Bland–Altman plot of maximum amplitude (MA) with treatment threshold lines shown. Differences in treatment recommendation between the TEG5000 and the TEG6s (Haemonetics Corporation, Braintree, MA, USA) when using the same algorithm can be visualised.

The strengths of this study are that it contains the largest patient sample to date using cardiac surgical patients, that data were prospectively collected, treating clinicians were blinded to TEG6s results and had no influence over TEG6s testing, and that comparison is made between non-citrated TEG5000 and citrated TEG6s. Non-citrated TEG5000 is used by many operating theatres and cardiac units where testing is performed at (or very close) to point of care so this study uses a real-world situation when comparing the two TEG machines. Finally, the large number of coagulopathic results was also a strength because it allowed comparison of the TEG machines in this context.
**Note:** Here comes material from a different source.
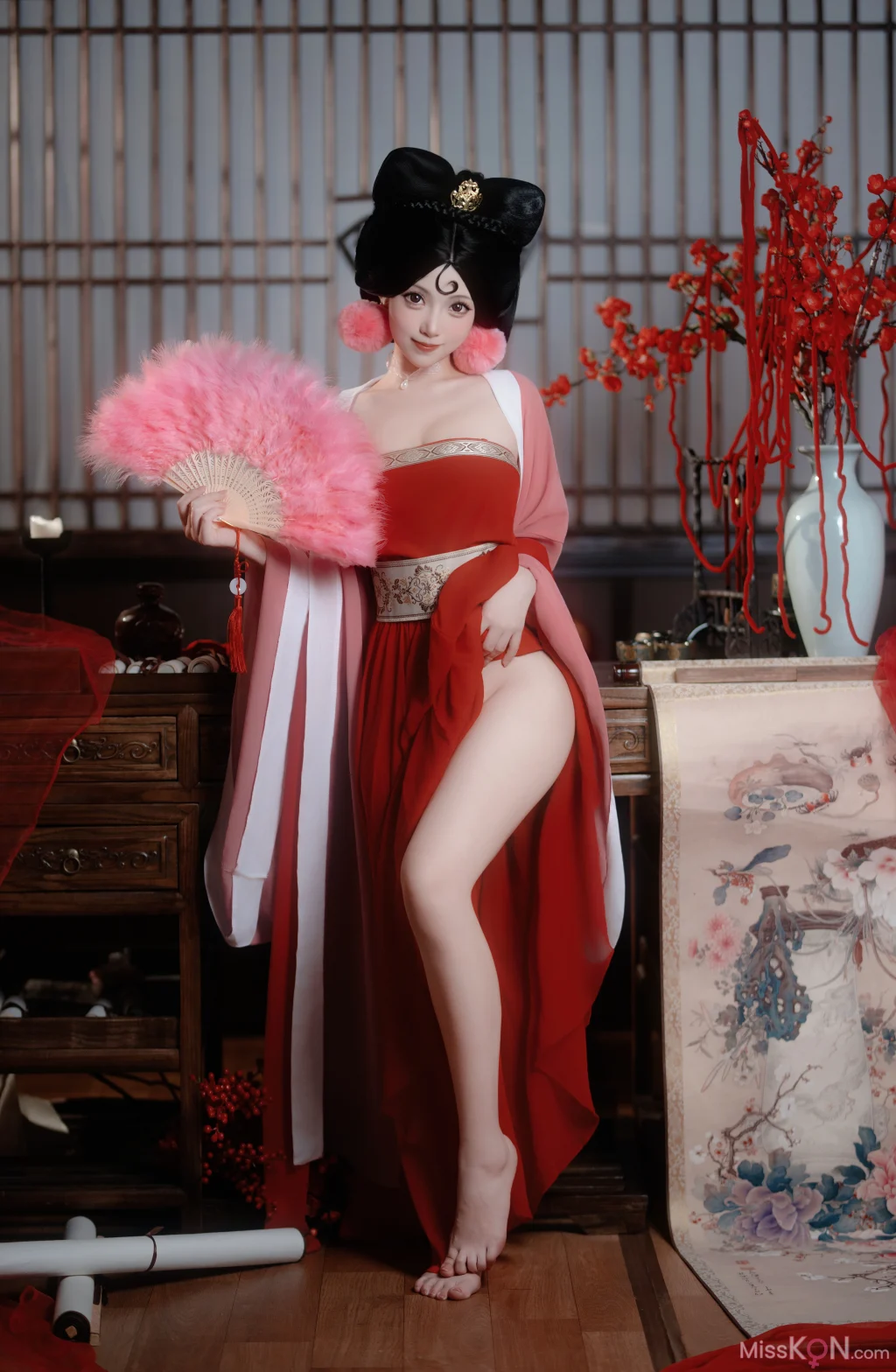 Coser@Bangni邦尼: 妲己 (79 photos + 5 videos) – Page 3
Limitations of the study are the large number of patients who had more than two samples taken, that a large number of tests on the TEG6s were interrupted prior to completion to allow for further testing and the very limited number of FF tests performed on TEG5000. This was because non-heparinase FF is not part of our current TMACS but these data would have been very useful given the growing interest in fibrinogen replacement in coagulopathy.

In conclusion, TEG6s results have poor concordance with TEG5000 results, particularly when a coagulopathy exists. For MA and possibly FFMA there appears to be a fixed bias between the two machines with TEG6s returning lower values than TEG5000. This is in contrast to the reported normal ranges and warrants further investigation. The TEG6s cannot be used interchangeably with the TEG5000 using our current TEG5000 TMACS. Although it is entirely feasible that TEG6s could act as a better diagnostic tool, especially given the ease of operation, its utility still requires independent prospective validation.